* [Records to use]:
------------------------------------------------------------------------

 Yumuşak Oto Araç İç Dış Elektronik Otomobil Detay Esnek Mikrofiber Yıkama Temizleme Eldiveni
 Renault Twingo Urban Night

------------------------------------------------------------------------

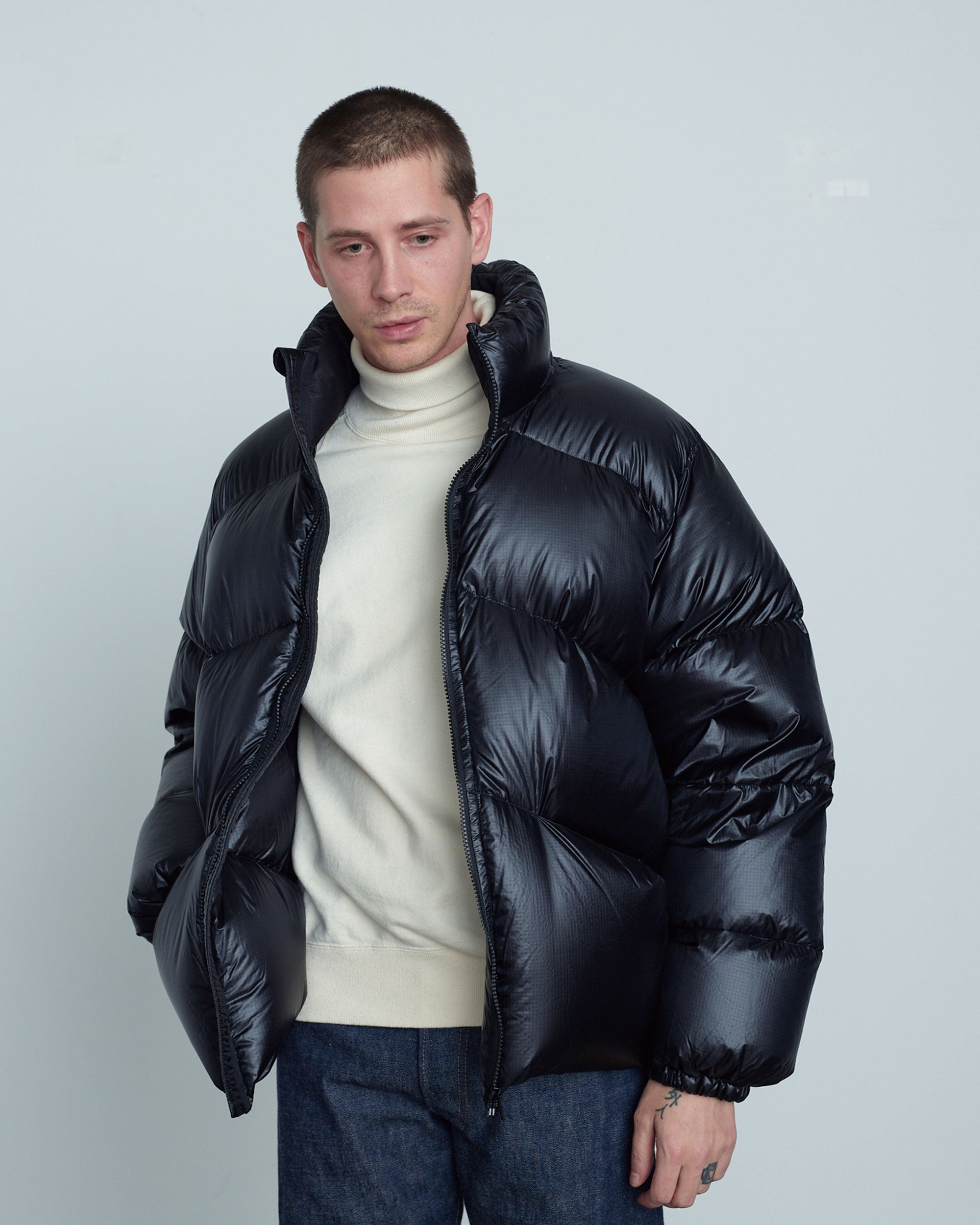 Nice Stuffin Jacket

------------------------------------------------------------------------

* [Your objective]: The reply should hold only the lines of the listing above starting at the line containing "Yumuşak Oto Araç" and ending at the line containing "Renault Twingo Urban Night", exactly as written.

* [Written reply]:
 Yumuşak Oto Araç İç Dış Elektronik Otomobil Detay Esnek Mikrofiber Yıkama Temizleme Eldiveni
 Renault Twingo Urban Night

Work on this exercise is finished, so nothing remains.